[Start of section]

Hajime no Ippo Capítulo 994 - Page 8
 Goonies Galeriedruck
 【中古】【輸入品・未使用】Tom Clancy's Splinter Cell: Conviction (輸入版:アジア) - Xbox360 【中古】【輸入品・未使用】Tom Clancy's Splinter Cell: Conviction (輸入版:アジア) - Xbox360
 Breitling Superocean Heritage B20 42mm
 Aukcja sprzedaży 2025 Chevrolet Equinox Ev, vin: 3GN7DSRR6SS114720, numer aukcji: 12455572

[End of section]

**Requirement**:
What you need to do is repeat every record above exactly.

**Result below**:
Hajime no Ippo Capítulo 994 - Page 8
 Goonies Galeriedruck
 【中古】【輸入品・未使用】Tom Clancy's Splinter Cell: Conviction (輸入版:アジア) - Xbox360 【中古】【輸入品・未使用】Tom Clancy's Splinter Cell: Conviction (輸入版:アジア) - Xbox360
 Breitling Superocean Heritage B20 42mm
 Aukcja sprzedaży 2025 Chevrolet Equinox Ev, vin: 3GN7DSRR6SS114720, numer aukcji: 12455572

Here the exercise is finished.